▶ _Task item_
The part below that opens with the line containing "Warm roze |" and closes with the line containing "Pokemon Card - Xatu" should be copied exactly, minus any pictures.

▶ _Given records_
_ _ _ _

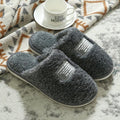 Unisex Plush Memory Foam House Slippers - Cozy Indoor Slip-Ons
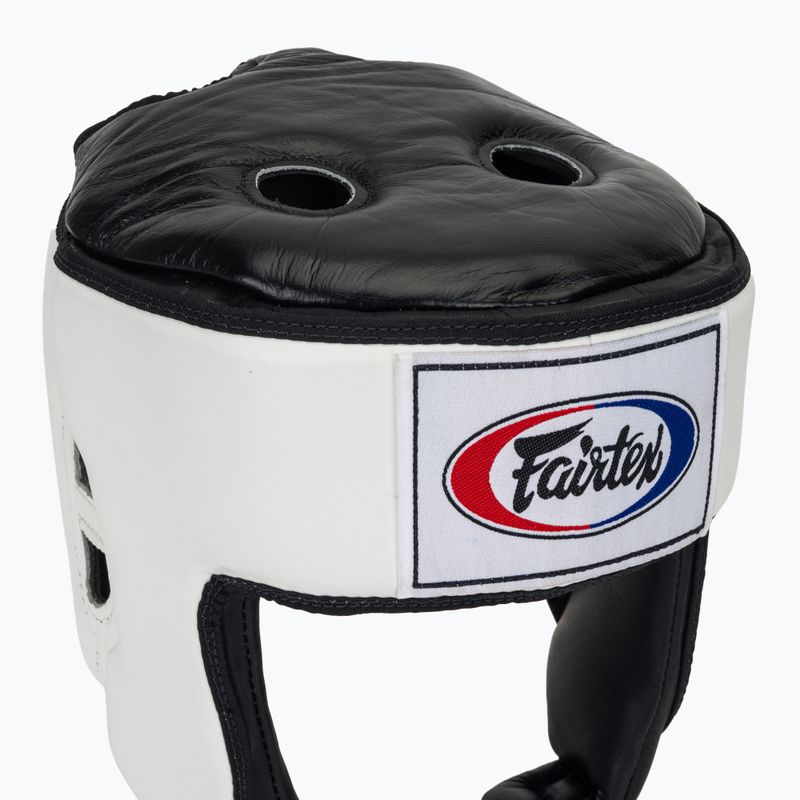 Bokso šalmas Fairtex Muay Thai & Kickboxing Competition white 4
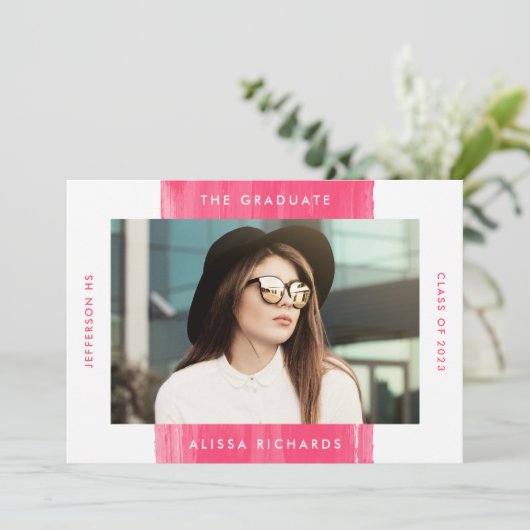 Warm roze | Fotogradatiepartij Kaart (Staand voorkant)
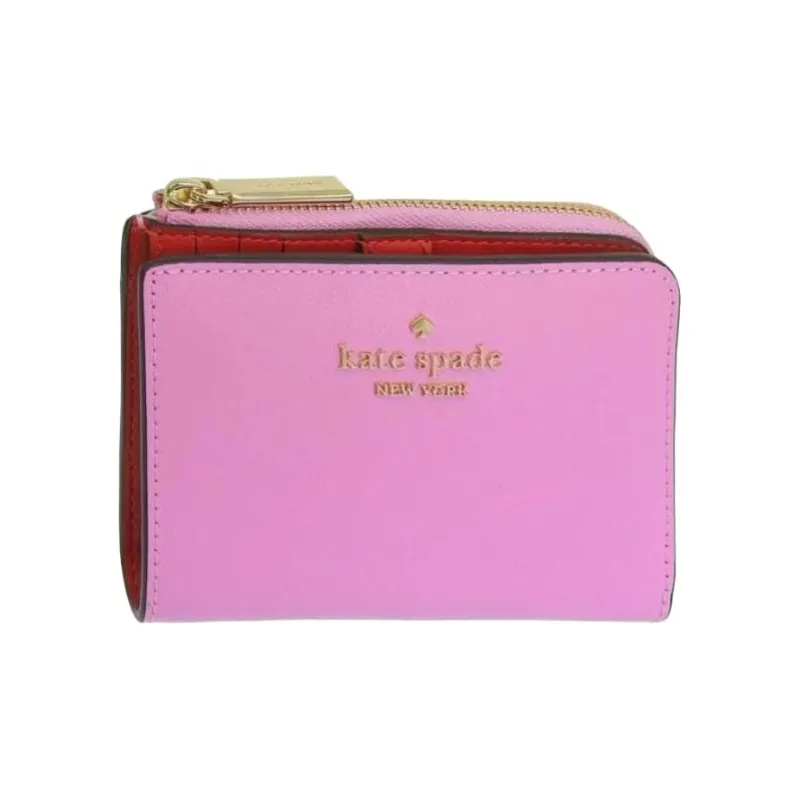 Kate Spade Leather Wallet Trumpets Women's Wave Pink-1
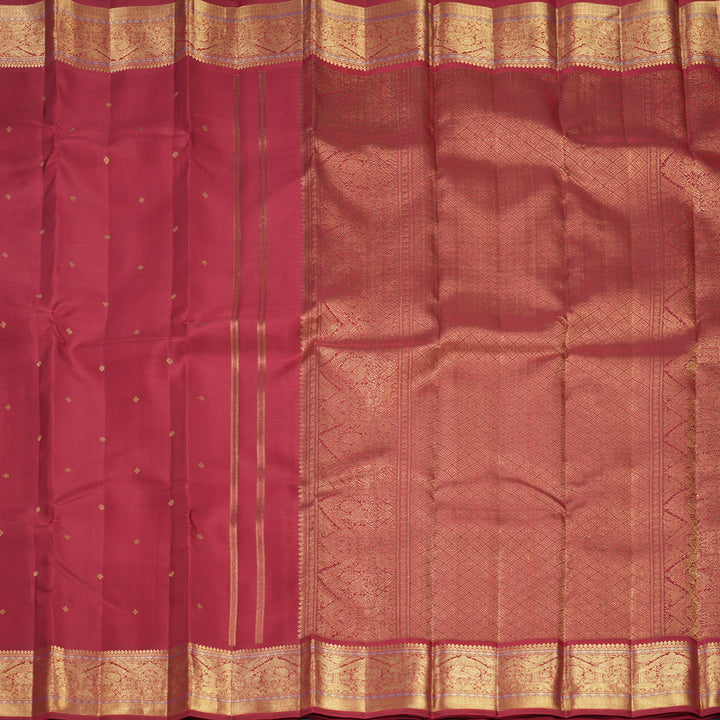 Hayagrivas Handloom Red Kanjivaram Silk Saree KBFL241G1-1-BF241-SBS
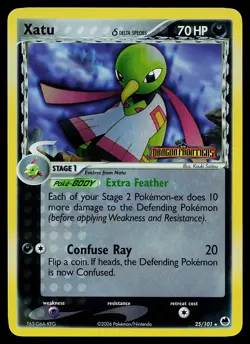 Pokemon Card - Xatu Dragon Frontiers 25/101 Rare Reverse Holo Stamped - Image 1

_ _ _ _

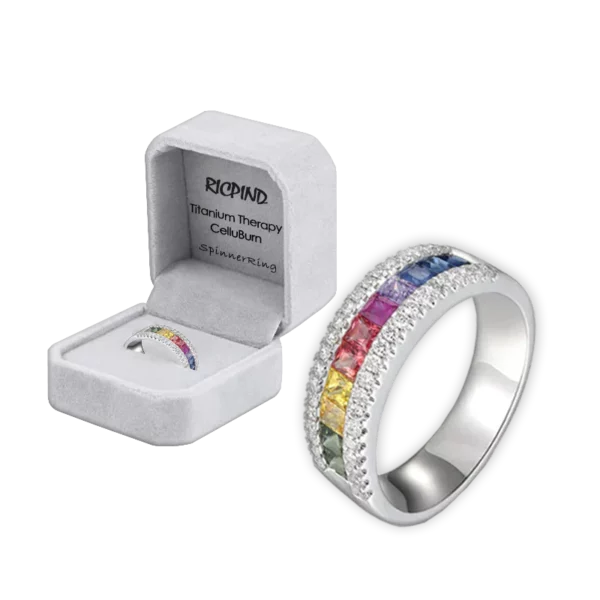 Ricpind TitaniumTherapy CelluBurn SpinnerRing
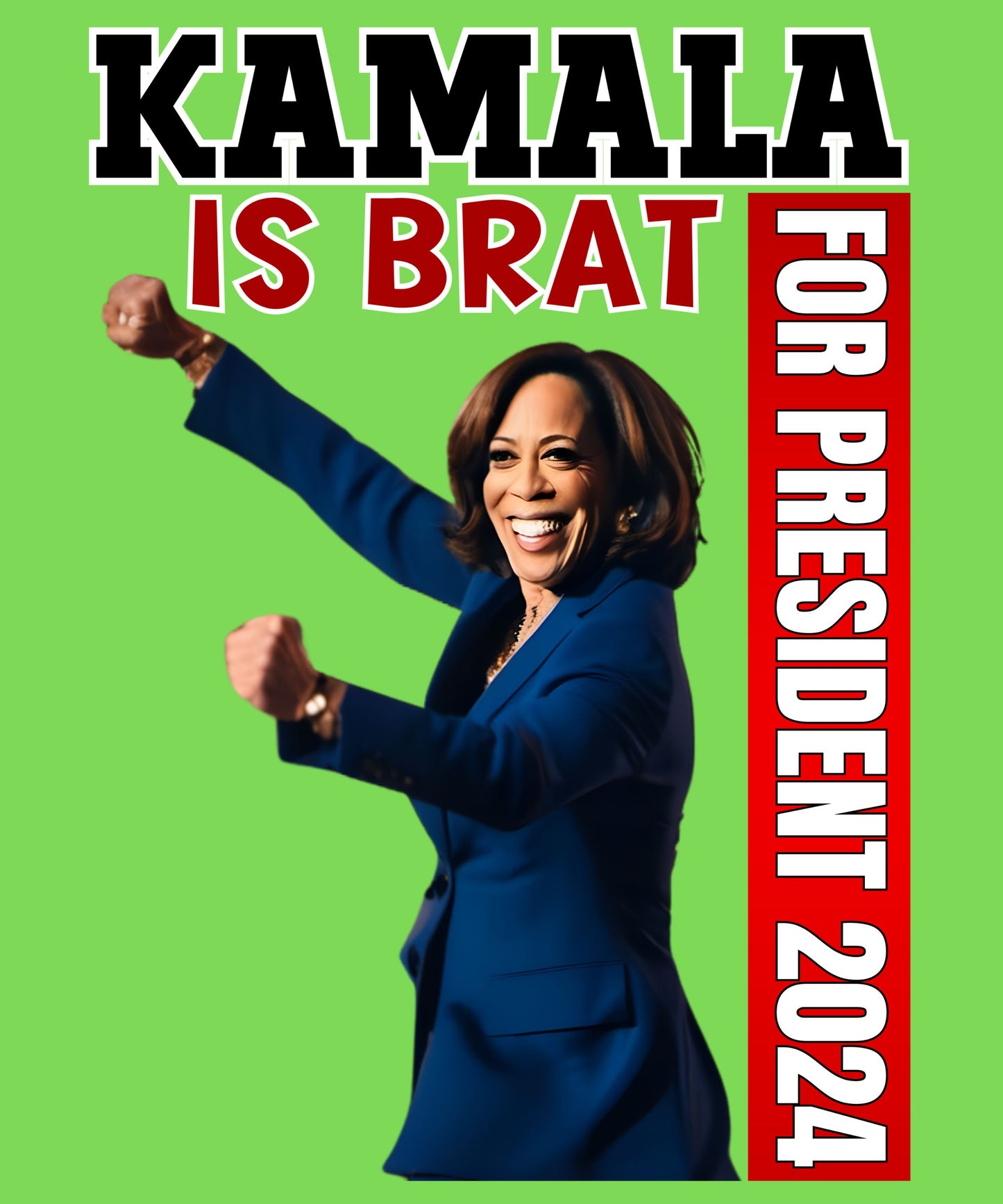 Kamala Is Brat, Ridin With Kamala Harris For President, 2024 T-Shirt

_ _ _ _

▶ _Response area_
 Warm roze | Fotogradatiepartij Kaart (Staand voorkant)
 Kate Spade Leather Wallet Trumpets Women's Wave Pink-1
 Hayagrivas Handloom Red Kanjivaram Silk Saree KBFL241G1-1-BF241-SBS
 Pokemon Card - Xatu Dragon Frontiers 25/101 Rare Reverse Holo Stamped - Image 1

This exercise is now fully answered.